(Entries taken from a collection)
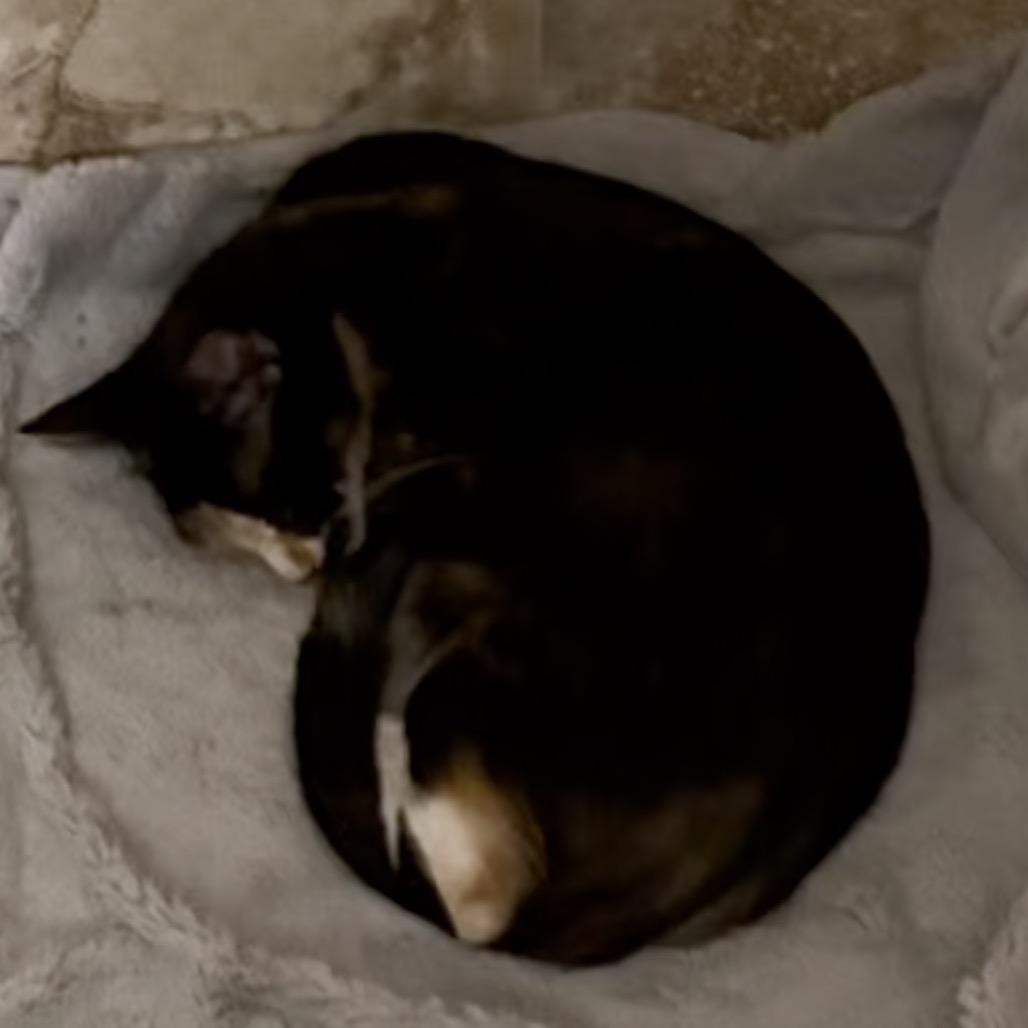 Enlarge A26-080 noelle, a Adoptable Domestic Short Hair in SANTA ROSA BEACH, FL image 5/5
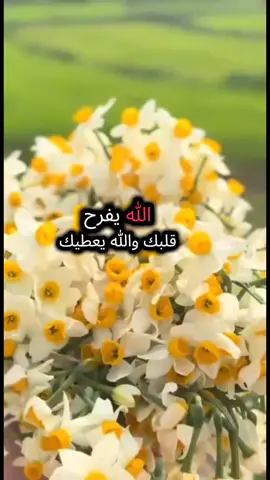 #دعوة_خير_وانتي_متعدي❤❤❤❤❤❤ #دعاء_جميل #دعوة #دعاء #تونسية🇹🇳🇹🇳 #تونس🇹🇳 #زينة_البلدان_تونس_الخضراء♥ 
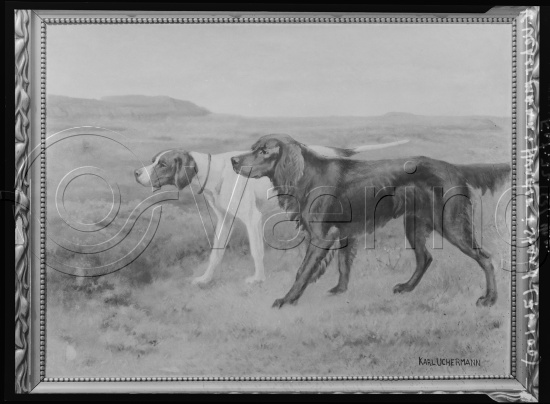 Glassplate og negativ film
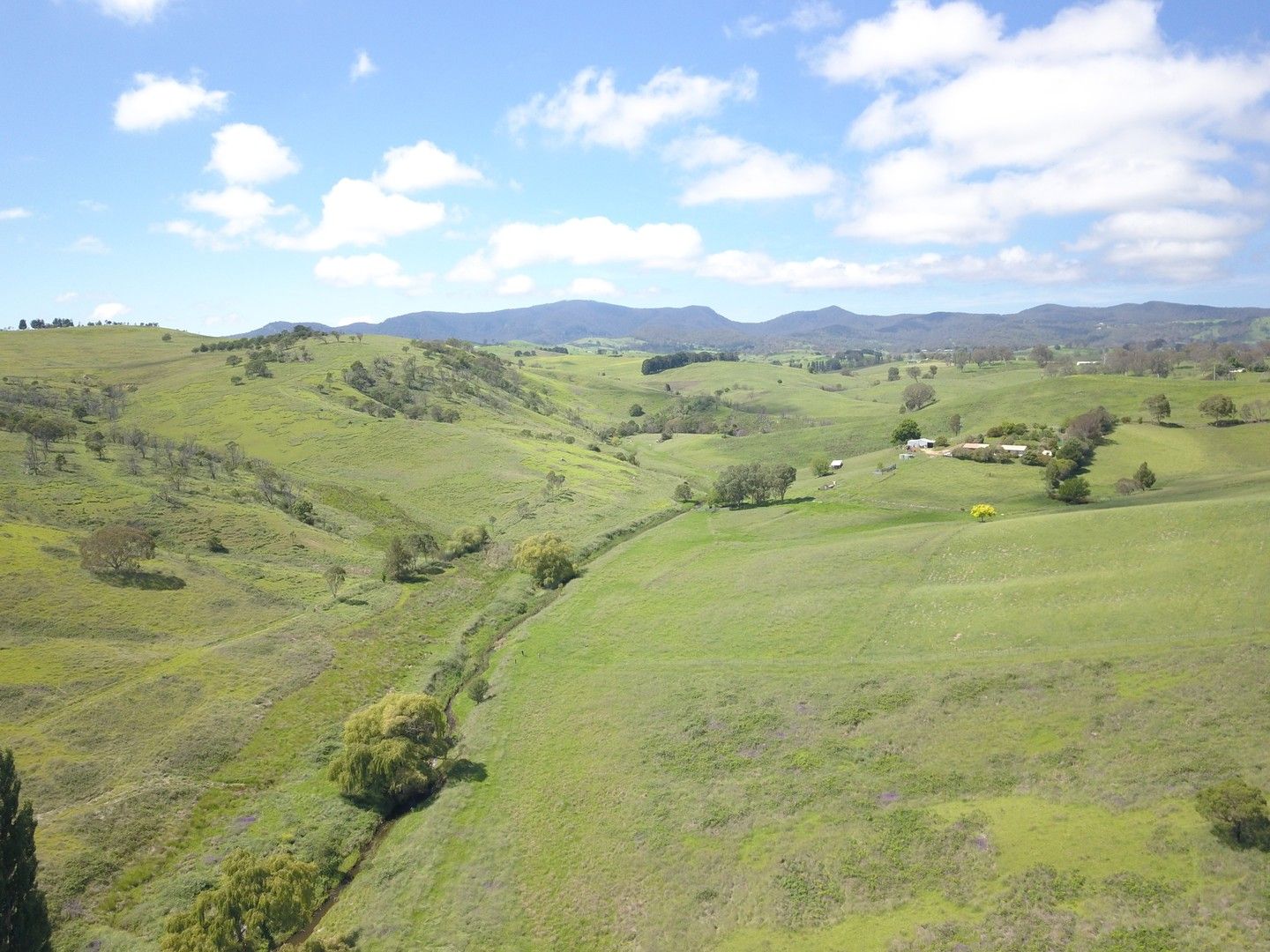 1834 Myrtle Mountain Road, Candelo NSW 2550, Image 0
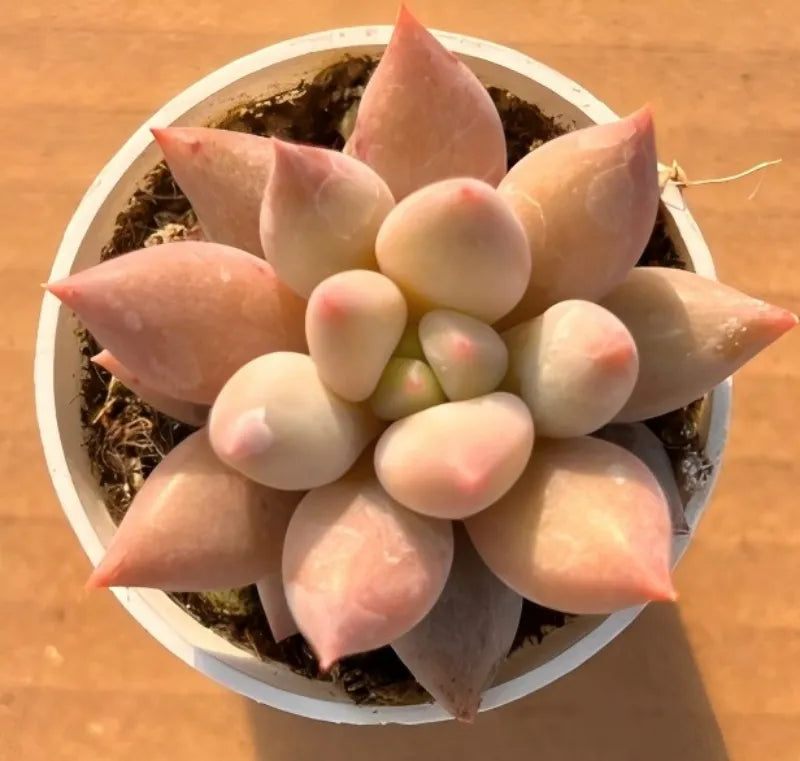 Potted succulent rosette in 2-inch pot, smooth oval leaves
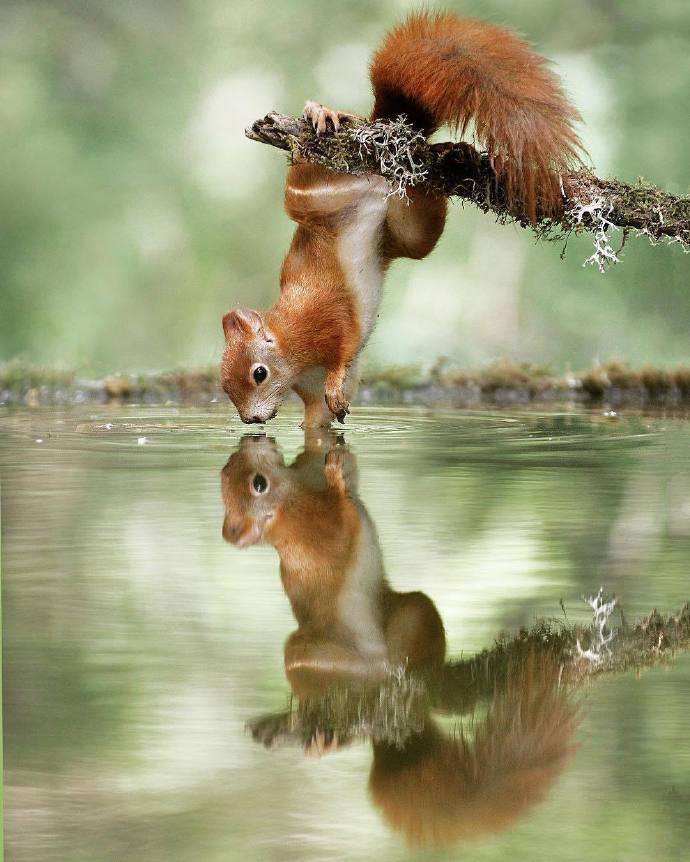 点击大图看下一张：在水边照镜子的小松鼠图片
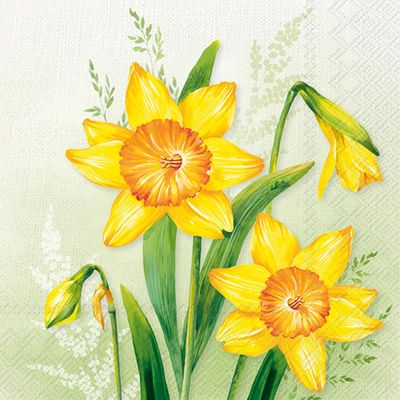 IHR 20 Spring Paper Napkins with Large Daffodils on Light Green, 33 x 33 cm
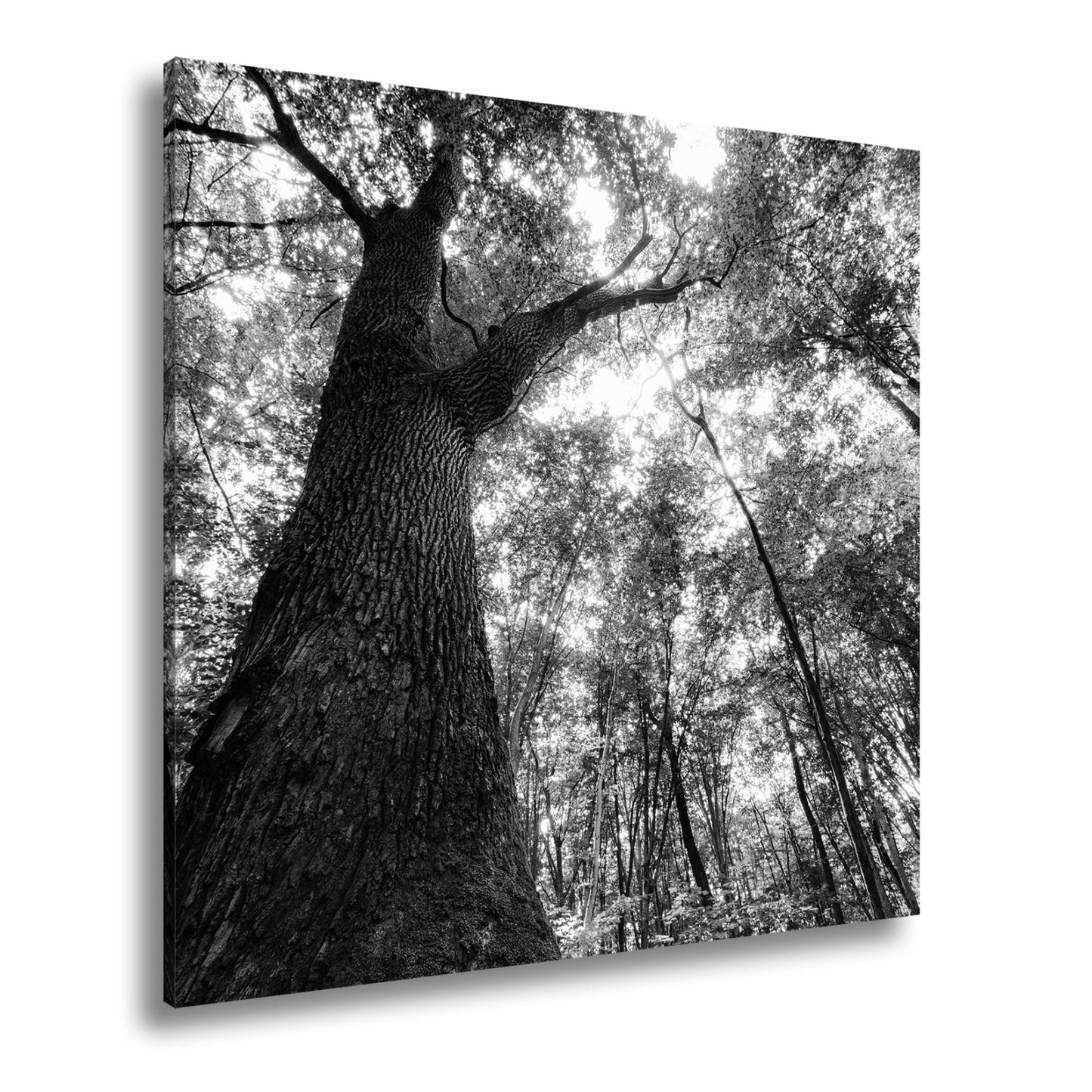 Leinwandbild Grünes Blätterdach im Sonnenlicht – Wald Natur XXL Canvas - deyoli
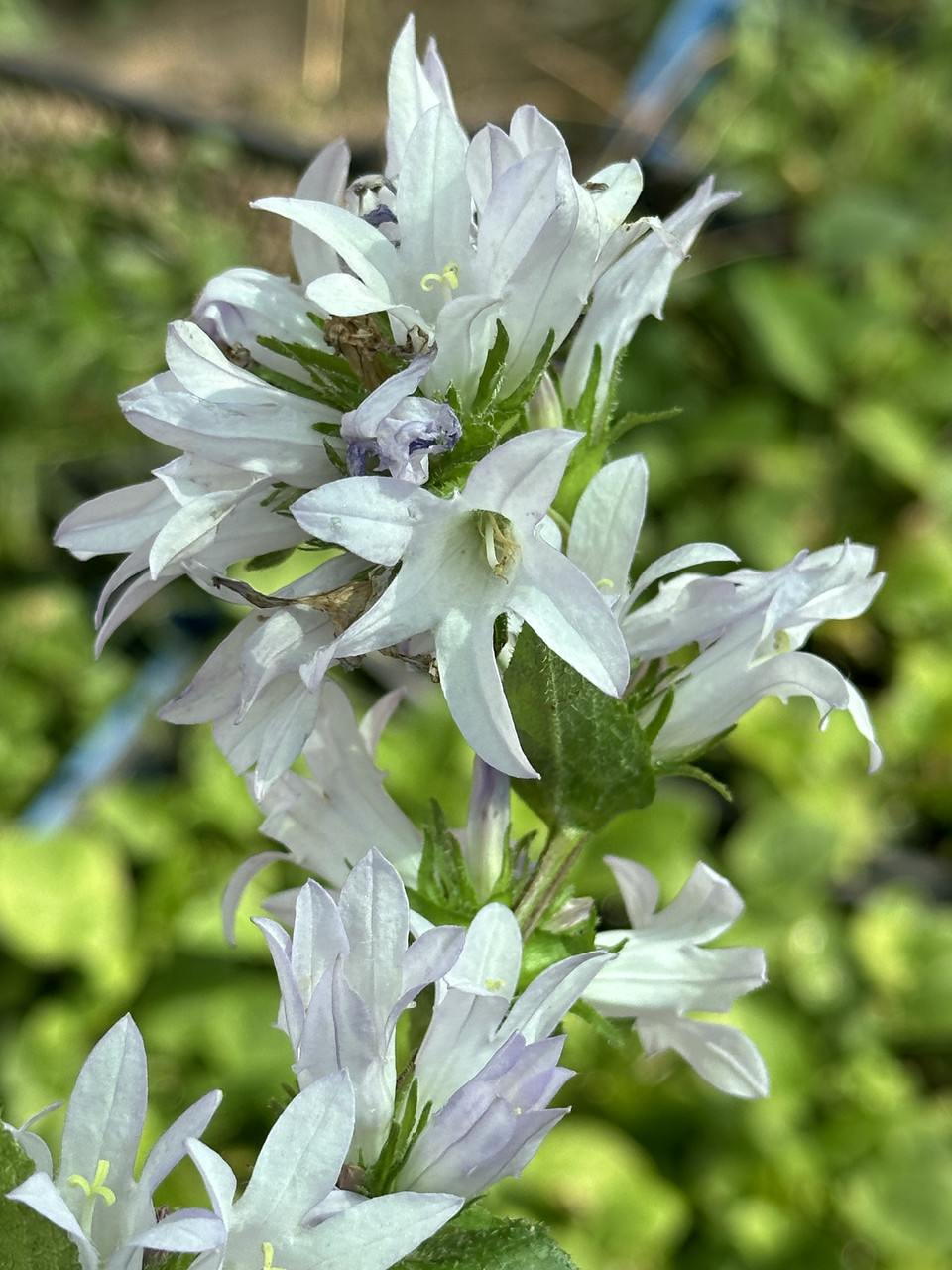 Колокольчик скученный/ Campanula glomerata - Зображення 3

**PROBLEM STATEMENT:** Word for word, reproduce all the data, but not the pictures.

**RESPONSE:**
 Enlarge A26-080 noelle, a Adoptable Domestic Short Hair in SANTA ROSA BEACH, FL image 5/5
 #دعوة_خير_وانتي_متعدي❤❤❤❤❤❤ #دعاء_جميل #دعوة #دعاء #تونسية🇹🇳🇹🇳 #تونس🇹🇳 #زينة_البلدان_تونس_الخضراء♥ 
 Glassplate og negativ film
 1834 Myrtle Mountain Road, Candelo NSW 2550, Image 0
 Potted succulent rosette in 2-inch pot, smooth oval leaves
 点击大图看下一张：在水边照镜子的小松鼠图片
 IHR 20 Spring Paper Napkins with Large Daffodils on Light Green, 33 x 33 cm
 Leinwandbild Grünes Blätterdach im Sonnenlicht – Wald Natur XXL Canvas - deyoli
 Колокольчик скученный/ Campanula glomerata - Зображення 3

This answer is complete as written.